◆ **EXERCISE PROMPT**:
An exact reproduction of the records is required, with all images left out.

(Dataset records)
════════════════════

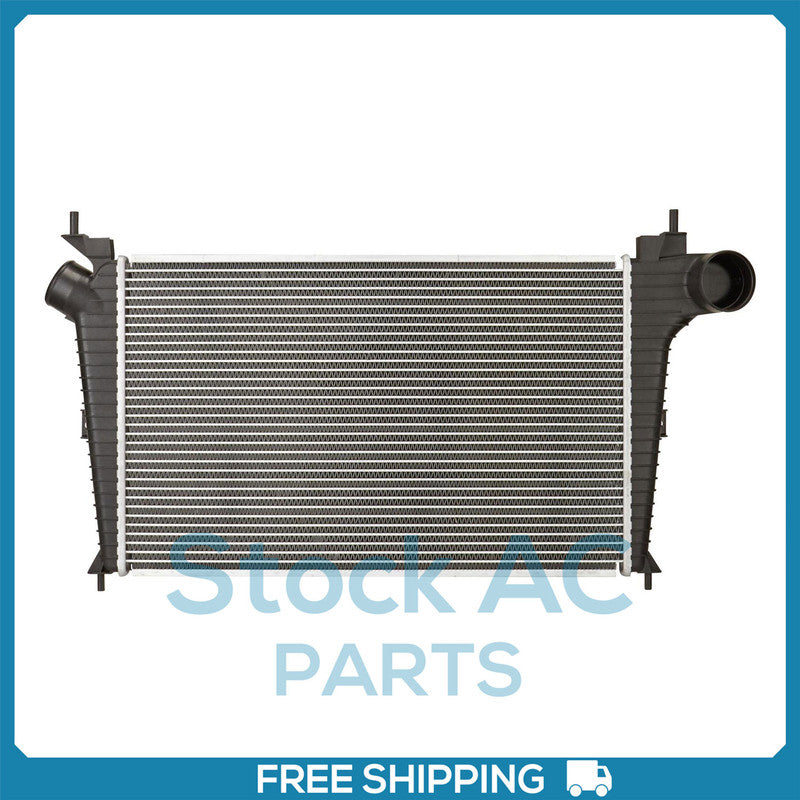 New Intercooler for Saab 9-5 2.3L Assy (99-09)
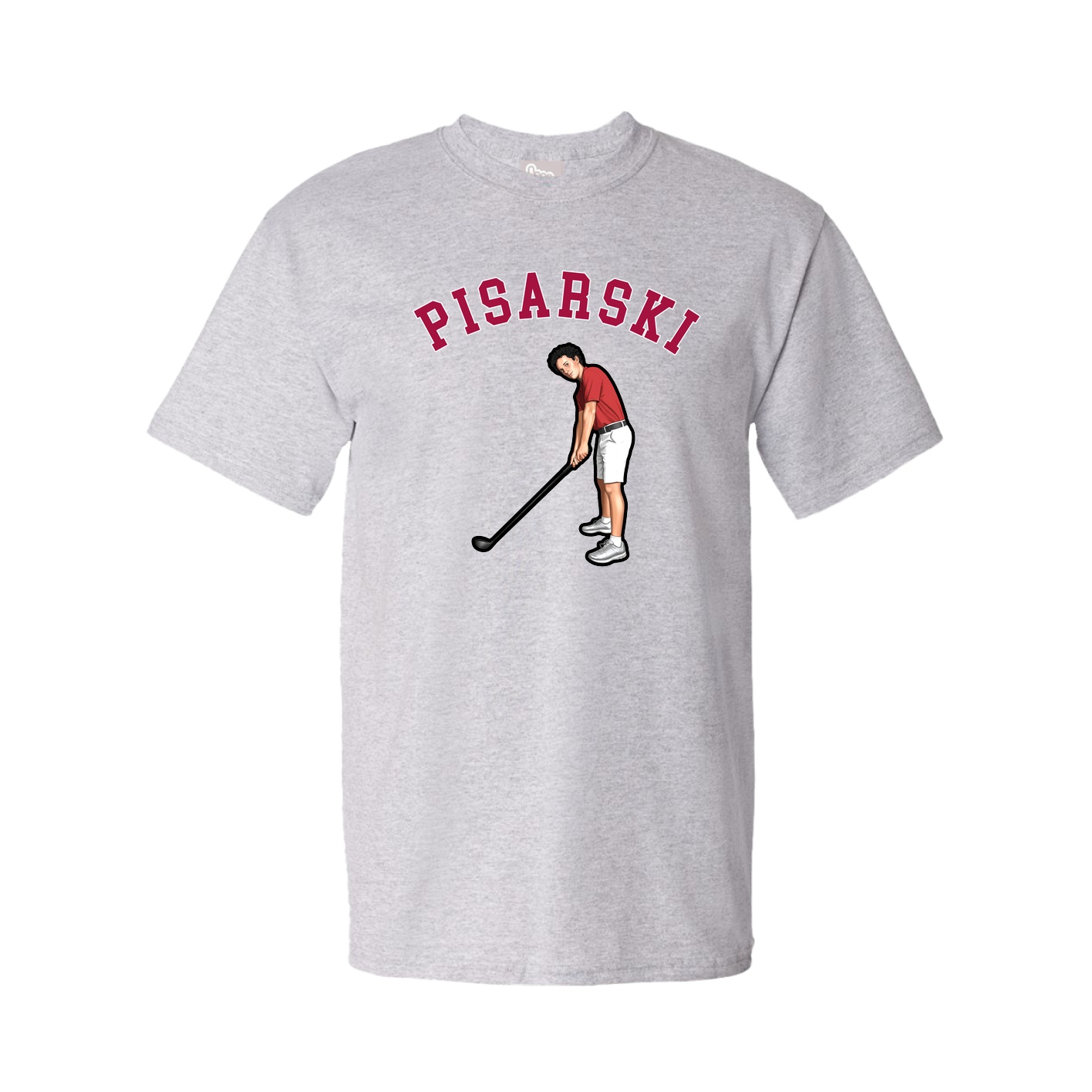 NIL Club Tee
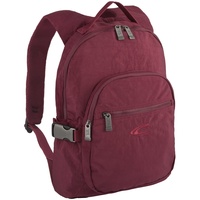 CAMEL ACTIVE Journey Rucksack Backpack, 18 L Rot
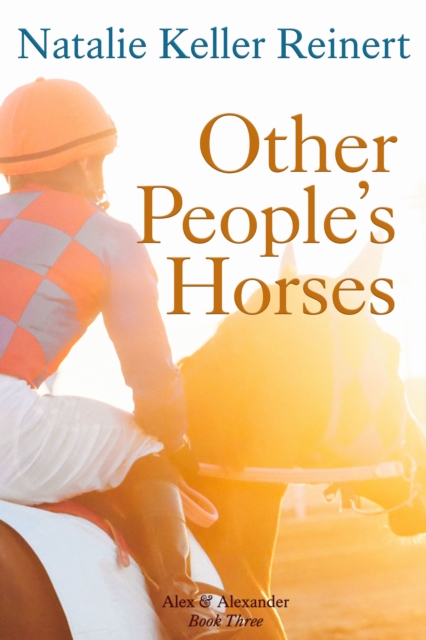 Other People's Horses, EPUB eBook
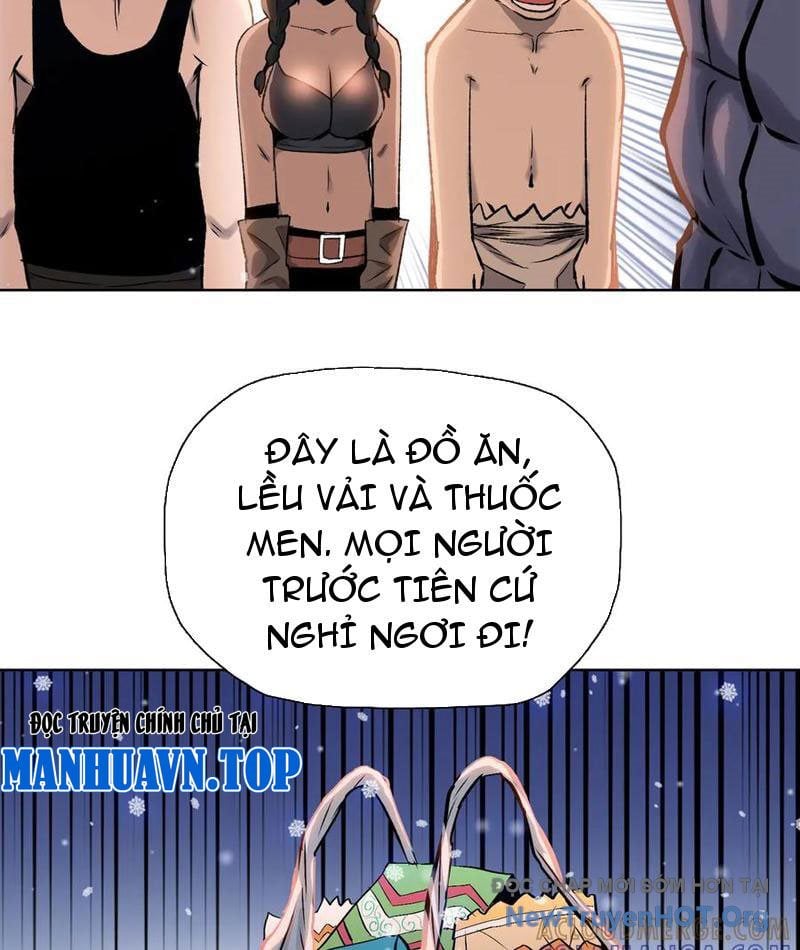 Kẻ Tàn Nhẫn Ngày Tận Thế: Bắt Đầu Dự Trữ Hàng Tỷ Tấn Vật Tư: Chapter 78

════════════════════

◆ **TASK SOLUTION**:
 New Intercooler for Saab 9-5 2.3L Assy (99-09)
 NIL Club Tee
 CAMEL ACTIVE Journey Rucksack Backpack, 18 L Rot
 Other People's Horses, EPUB eBook
 Kẻ Tàn Nhẫn Ngày Tận Thế: Bắt Đầu Dự Trữ Hàng Tỷ Tấn Vật Tư: Chapter 78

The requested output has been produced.